**PROBLEM DESCRIPTION**
Reproduce every entry that follows word for word, but omit the images.

(Web page caption snippets)
##############################

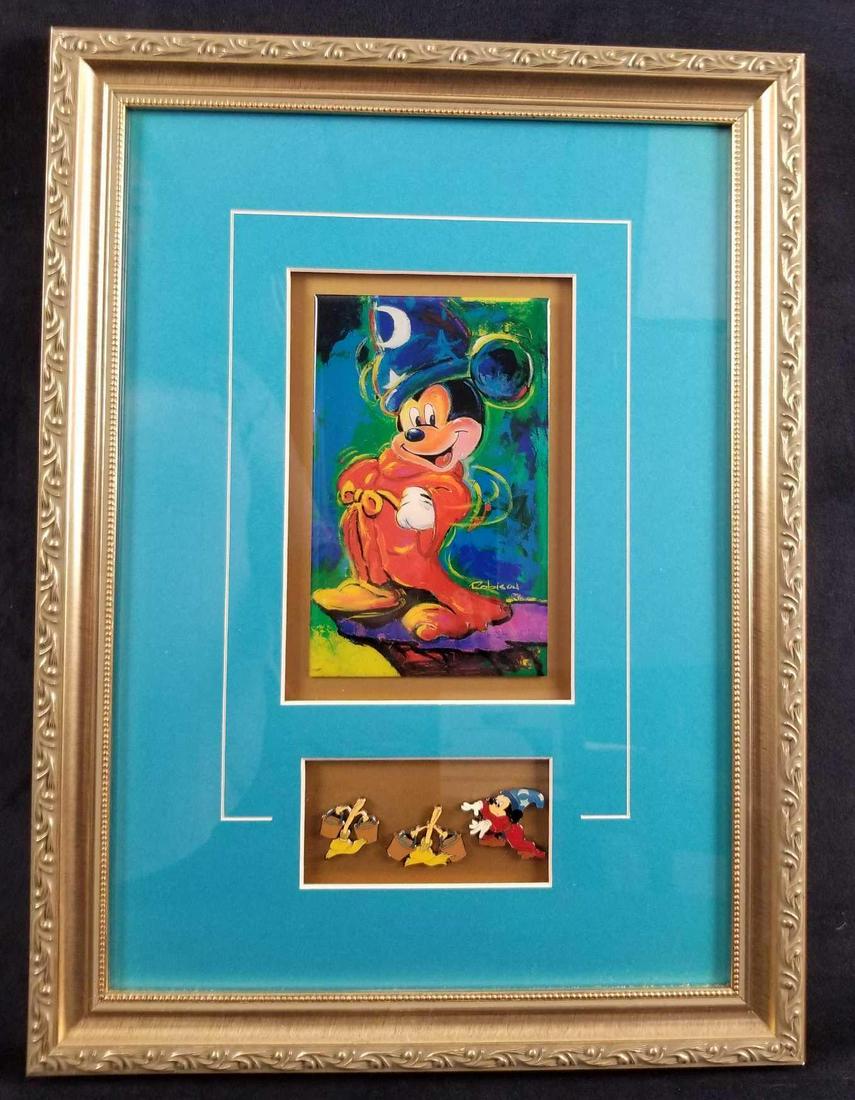 Walt Disneys Sorcerer Apprentice Mickey Mouse Framed: Framed Walt Disney's Sorcerer's Apprentice Mickey Mouse by Eric Robison and set of 3 pins. This art is on what appears to be a tile or acrylic plaque and is beautifully matted in a blue that really en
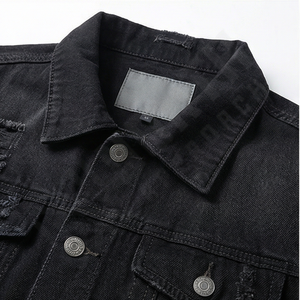Veste en jean pour homme de haute qualité, personnalisée, à col montant, réversible, mode d'hiver, streetwear, design élégant, jean tendance, durable - Product Image 4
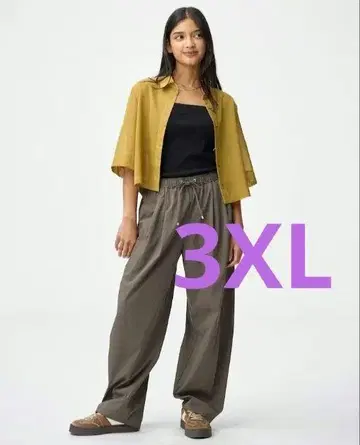 지유 gu 배럴 레그 풀온 팬츠 3XL 올리브 새상품 미사용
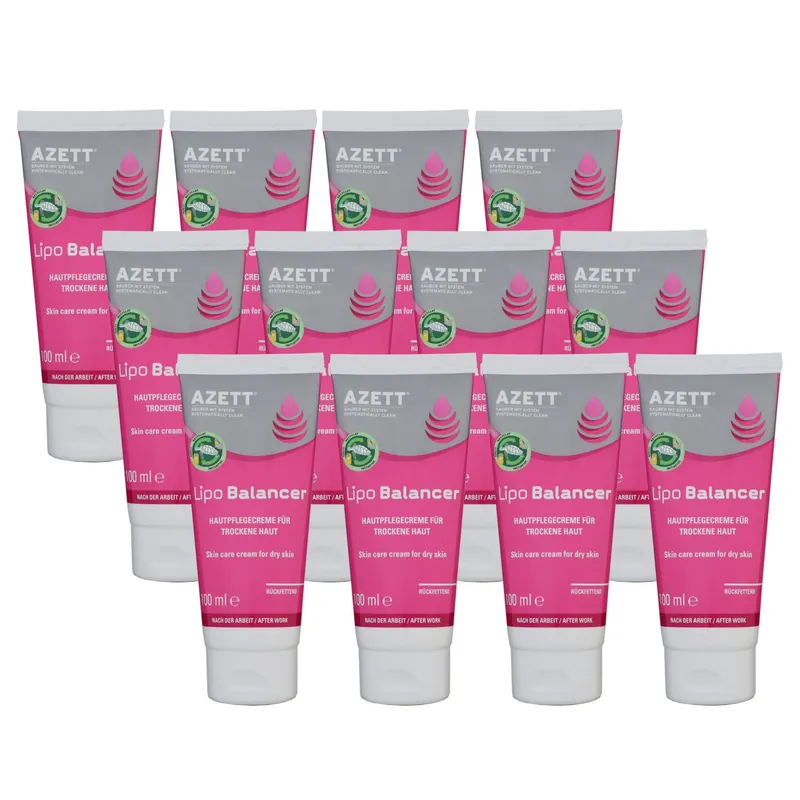 Finale Aktion Azett Lipo Balancer Cream 12 x 100 ml Hautpflegecreme für trockene Haut Rückfettend
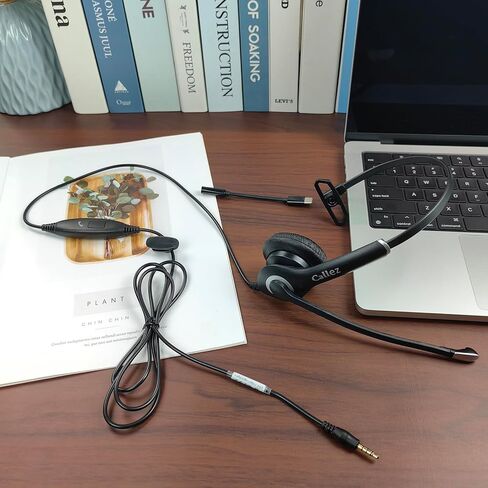 Computer Headset with Microphone Noise Cancelling, 3.5mm Cell Phone Headsets for iPhone Samsung Laptop PC Tablet Skype Webinar Office Business Call Center, Clearer Voice, Ultra Comfort in Kuwait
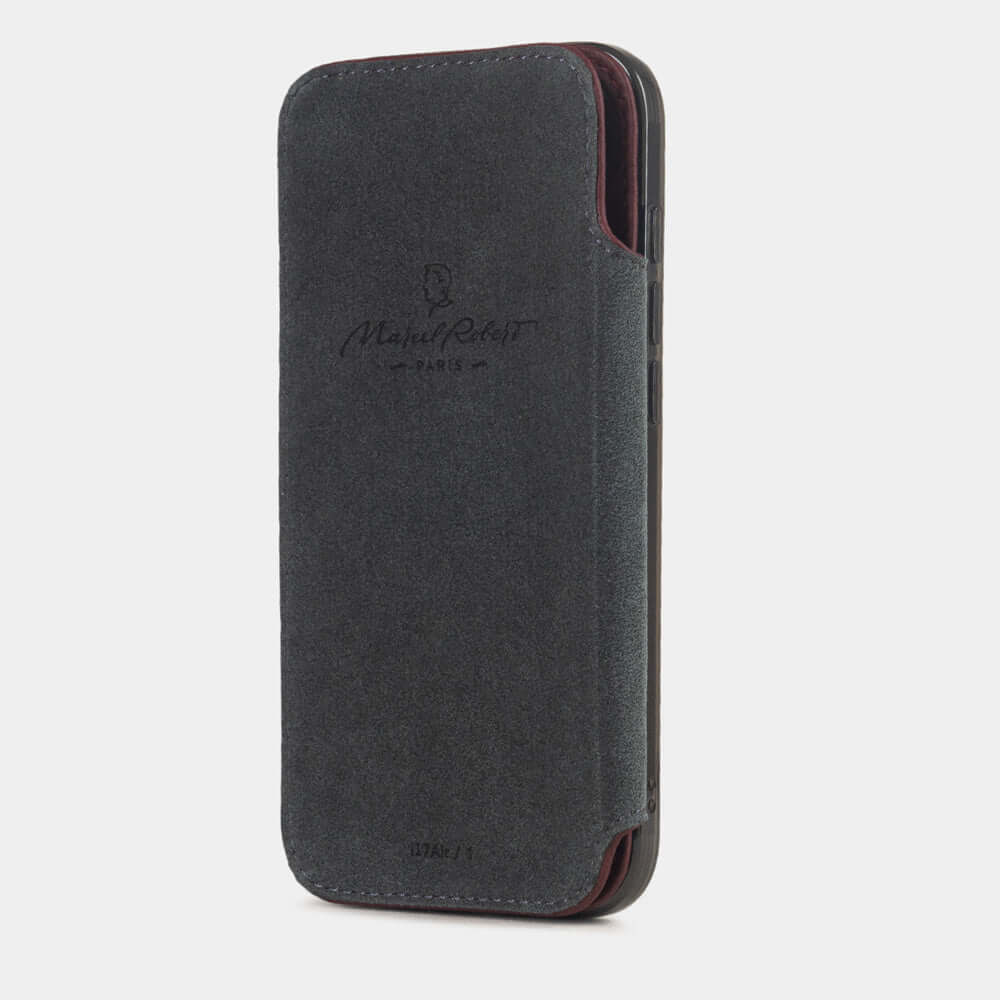 Bordeaux Calfskin Wallet Case iPhone 17 Air - interior view showing grey Alcantara lining with magnetic closure, designed to the screen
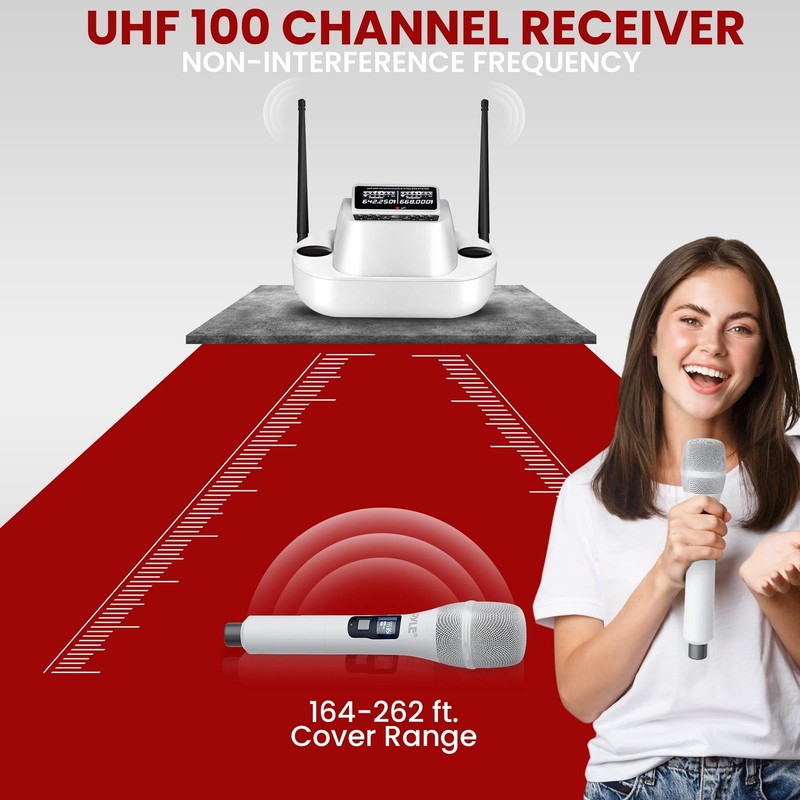 Pyle UHF Wireless Microphone System – Bluetooth Receiver with 2 Rechargeab gallery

##############################

**ANSWER FOR THE TASK**
 Walt Disneys Sorcerer Apprentice Mickey Mouse Framed: Framed Walt Disney's Sorcerer's Apprentice Mickey Mouse by Eric Robison and set of 3 pins. This art is on what appears to be a tile or acrylic plaque and is beautifully matted in a blue that really en
Veste en jean pour homme de haute qualité, personnalisée, à col montant, réversible, mode d'hiver, streetwear, design élégant, jean tendance, durable - Product Image 4
 지유 gu 배럴 레그 풀온 팬츠 3XL 올리브 새상품 미사용
 Finale Aktion Azett Lipo Balancer Cream 12 x 100 ml Hautpflegecreme für trockene Haut Rückfettend
 Computer Headset with Microphone Noise Cancelling, 3.5mm Cell Phone Headsets for iPhone Samsung Laptop PC Tablet Skype Webinar Office Business Call Center, Clearer Voice, Ultra Comfort in Kuwait
 Bordeaux Calfskin Wallet Case iPhone 17 Air - interior view showing grey Alcantara lining with magnetic closure, designed to the screen
 Pyle UHF Wireless Microphone System – Bluetooth Receiver with 2 Rechargeab gallery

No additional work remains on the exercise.